En ese momento, aún no asumía funciones la actual Asamblea Legislativa, ni siquiera imaginábamos las trascendentales decisiones que en su seno se iban a adoptar. Ahora, tres meses después, deberíamos dejar tranquilo a Kant, pero sin perder de vista el horizonte de los autores alemanes, los cuales nos han venido dando lecciones que todo abogado, pero especialmente los penalistas o los que nos autodefinimos como tales, no debería ignorar.
Recientemente se adoptó en la Asamblea Legislativa la decisión de reformar el inciso final del artículo 32 del Código Procesal Penal, introduciéndose como novedad que no prescribe la acción penal en los delitos establecidos en el libro II, título XVI, capítulos II y III del Código Penal; es decir, en los casos de corrupción, en los que preeminentemente intervengan funcionarios y empleados públicos y particulares, respectivamente.
Se trata de una reforma a la ley procesal penal que impacta en el derecho penal sustantivo.

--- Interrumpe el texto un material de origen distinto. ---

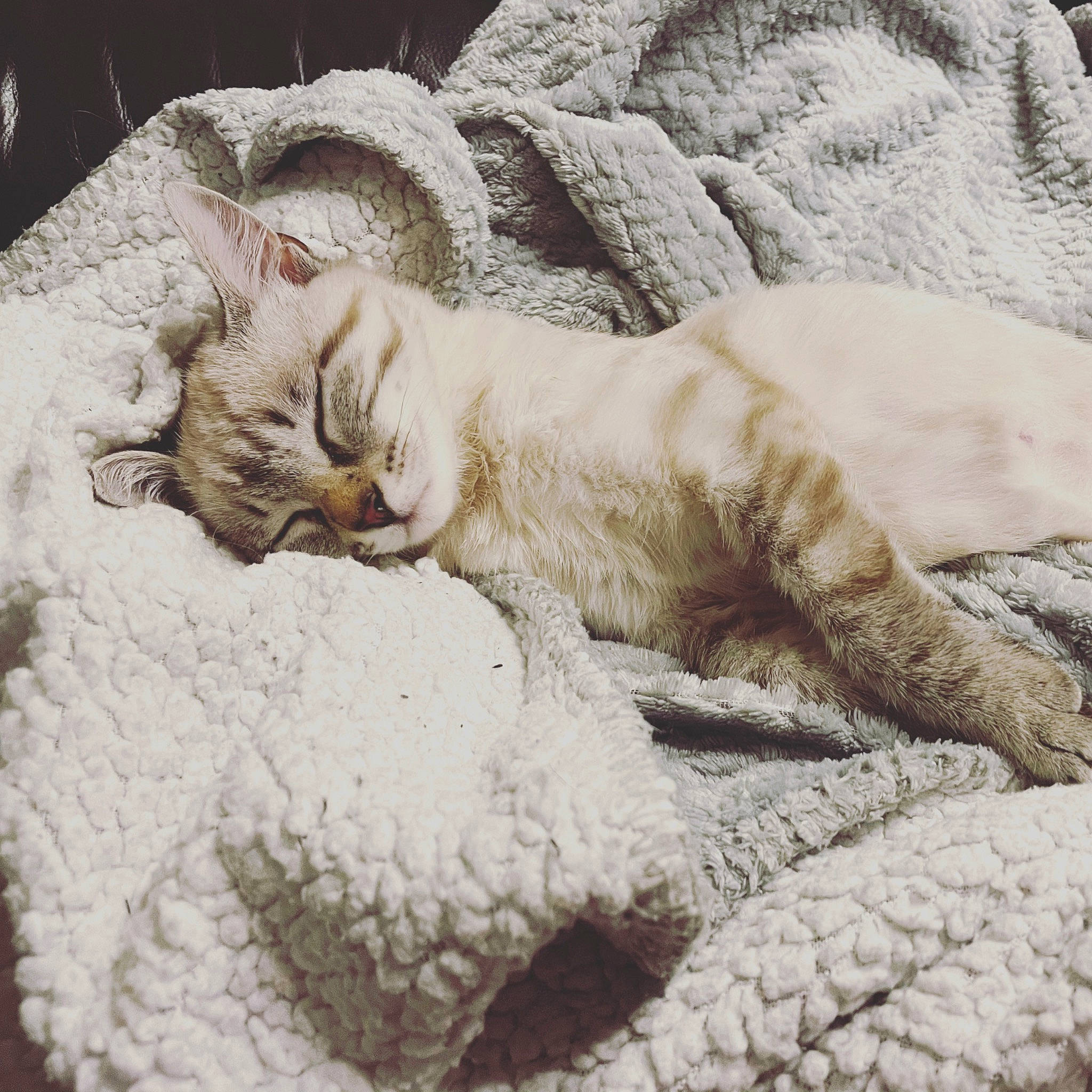 Baby a rejoint le concours — aidez-le/la à gagner de superbes lots ! bedding, carnivore, cat, claw, comfort, domestic_short_haired_cat, fawn, felidae, fur, grey, linens, nap, paw, small_to_medium_sized_cats, snout, tail, terrestrial_animal, whiskers, wildlife, wood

Las opiniones y críticas no se han hecho esperar. Claro, toda decisión político-criminal siempre impacta en cualquier sector de la sociedad, en especial en una sociedad en la que la distribución de la carga punitiva ha sido históricamente desigual y esta vez no ha sido la excepción. En todo caso, no es este el espacio para debatir sobre merecimiento o necesidad de pena, si al fin y al cabo la estigmatización penal tiene sus propios efectos.
La idea de estas líneas es elucidar las facultades del legislador y el papel esencial de la política criminal.
Desde el célebre discurso de Von Kirchmann pronunciado en 1847, en la Academia Jurídica Berlinesa, se ha venido hablando y haciendo interpretaciones acerca de si una sola palabra del legislador vuelve inútiles bibliotecas enteras, como podría pensarse con la reforma penal comentada.
Citaré al profesor Enrique Gimbernat Ordeig, a quien conocí durante una especialización en derecho penal a la que asistí en 2003: «Cierto que la entrada en vigor de un nuevo Código Penal, por ejemplo, hace que conocimientos jurídicos que ayer eran verdaderos hoy hayan dejado de serlo», como ocurre en el caso objeto de análisis, al reformarse lo relativo a la prescripción, independientemente de que solo haya sido modificada una disposición legal.
Otro tema que probablemente salte al tapete es el relativo a principios y categorías dogmáticas que podrían colisionar con decisiones político-criminales, como la recientemente adoptada, encaminada a combatir frontalmente la corrupción; superado en otras discusiones, como el relativo a la responsabilidad penal de las personas jurídicas; estas carecen de acción y de culpabilidad; sin embargo, basta que el Estado haga uso de su poder punitivo para responsabilizarlas penalmente, lo que sin ninguna duda demuestra que los tiempos han cambiado. Ojalá también cambie la cultura jurídica.